One material in which optical Fermi liquid behavior was experimentally observed is the low-temperature metallic phase of Sr_{2}RuO_{4}.

==Instabilities==

The experimental observation of exotic phases in strongly correlated systems has triggered an enormous effort from the theoretical community to try to understand their microscopic origin. One possible route to detect instabilities of a Fermi liquid is precisely the analysis done by Isaak Pomeranchuk.
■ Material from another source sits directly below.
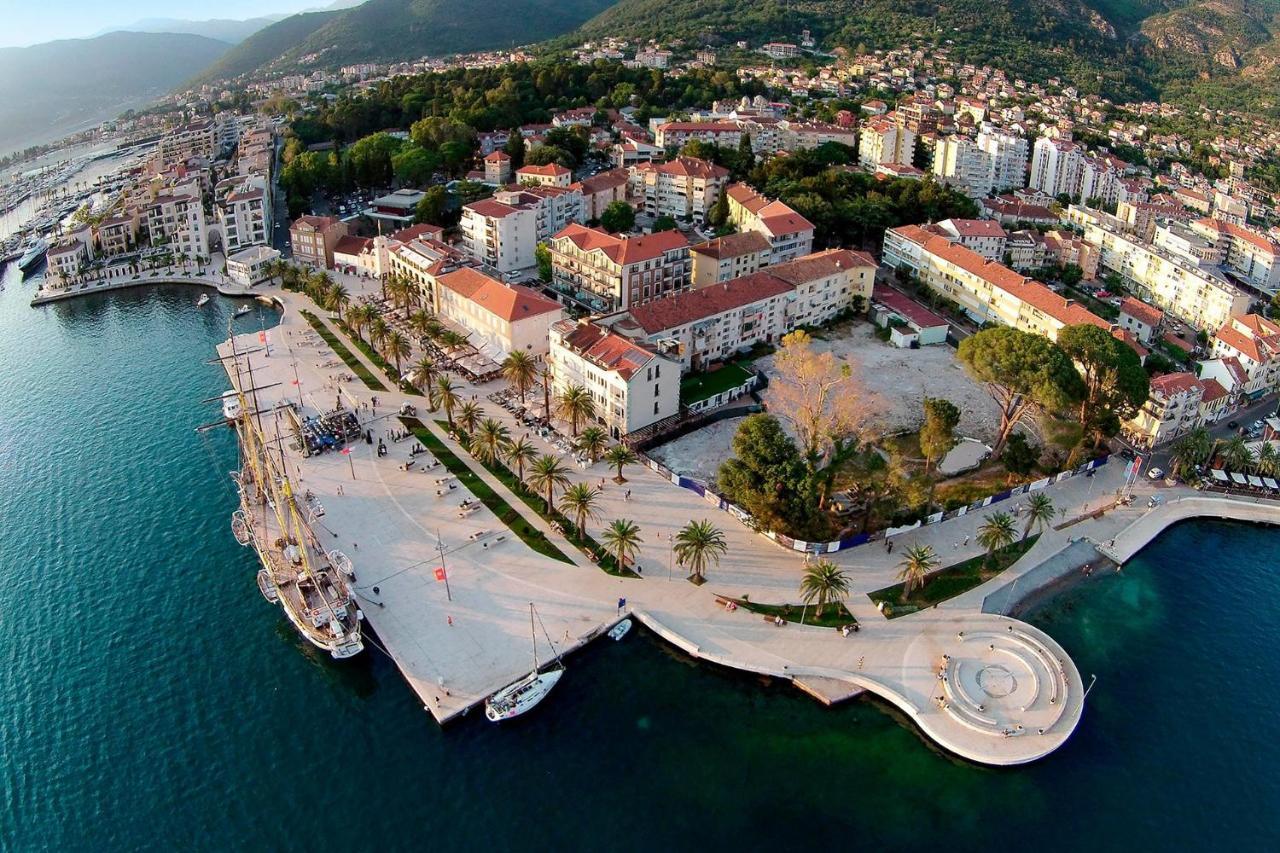 Room Next To Porto Montenegro Tivat Exteriör bild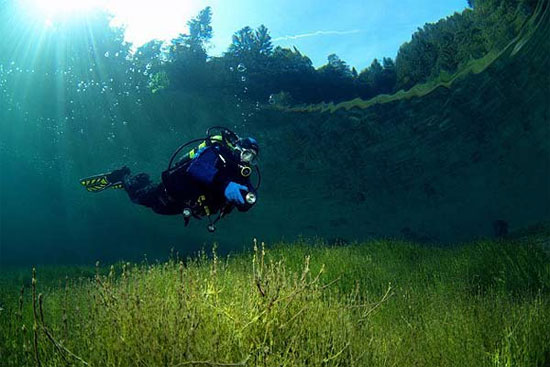 Picture 8 of 12 seas, the lake has the most water in the planet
Due to that, the Pomeranchuk instability has been studied by several authors with different techniques in the last few years and in particular, the instability of the Fermi liquid towards the nematic phase was investigated for several models.

==Non-Fermi liquids==
Non-Fermi liquids are systems in which the Fermi-liquid behaviour breaks down. The simplest example is a system of interacting fermions in one dimension, called the Luttinger liquid. Although Luttinger liquids are physically similar to Fermi liquids, the restriction to one dimension gives rise to several qualitative differences such as the absence of a quasiparticle peak in the momentum dependent spectral function, and the presence of spin-charge separation and of spin-density waves. One cannot ignore the existence of interactions in one dimension and has to describe the problem with a non-Fermi theory, where Luttinger liquid is one of them. At small finite spin temperatures in one dimension the ground state of the system is described by spin-incoherent Luttinger liquid (SILL).
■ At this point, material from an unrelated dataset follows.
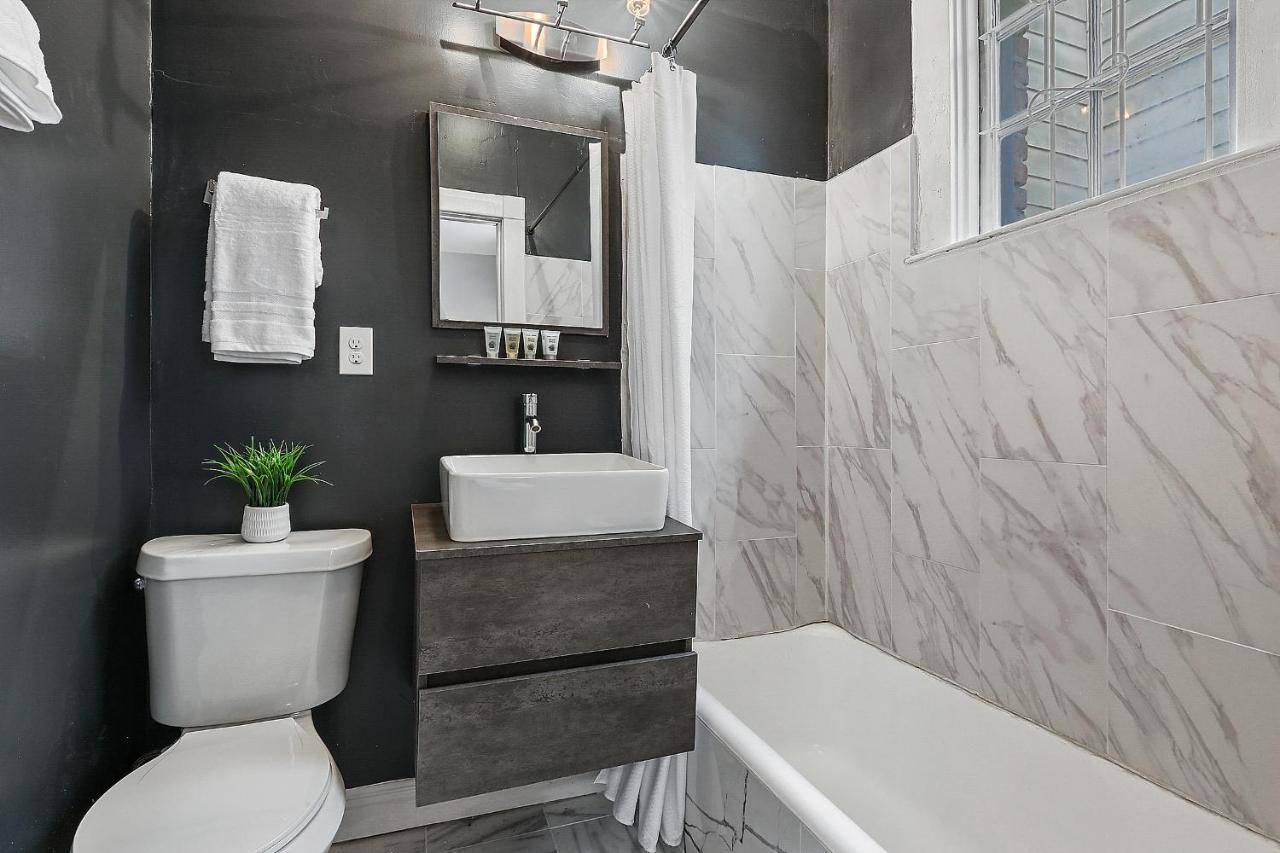 Carondelet Street Lux *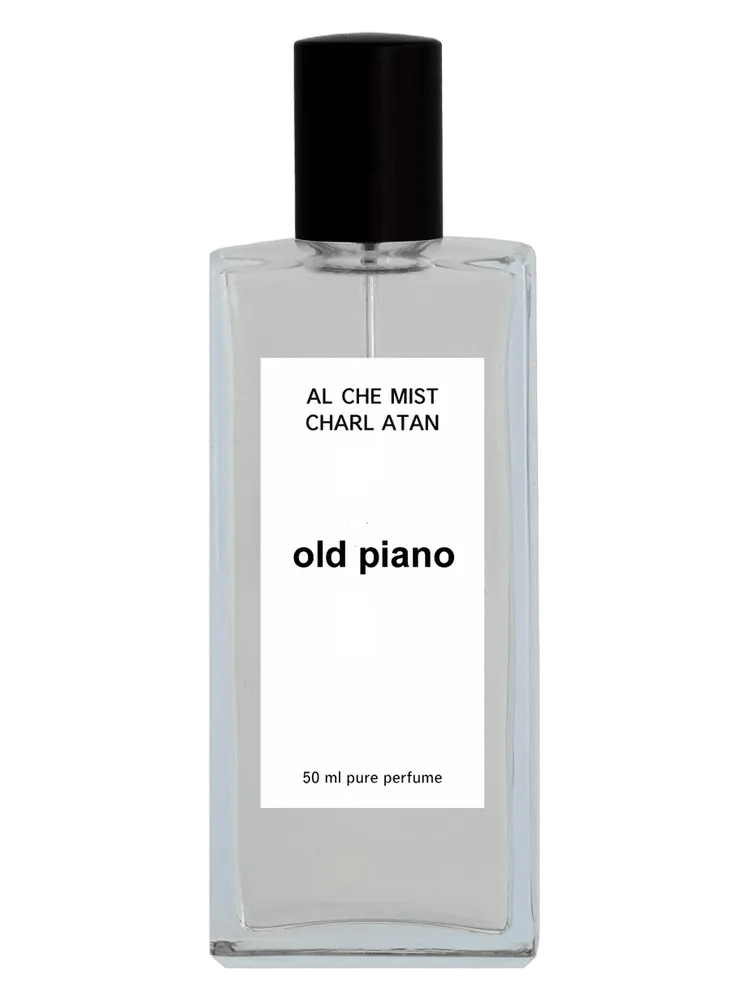 Old Piano by Fumparfum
Another example of non-Fermi-liquid behaviour is observed at quantum critical points of certain second-order phase transitions, such as heavy fermion criticality, Mott criticality and high-$T_{\rm c}$ cuprate phase transitions. The ground state of such transitions is characterized by the presence of a sharp Fermi surface, although there may not be well-defined quasiparticles. That is, on approaching the critical point, it is observed that the quasiparticle residue $Z\to0$.

In optimally doped cuprates and iron-based superconductors, the normal state above the critical temperature shows signs of non-Fermi liquid behaviour, and is often called a strange metal. In this region of phase diagram, resistivity increases linearly in temperature and the Hall coefficient is found to depend on temperature.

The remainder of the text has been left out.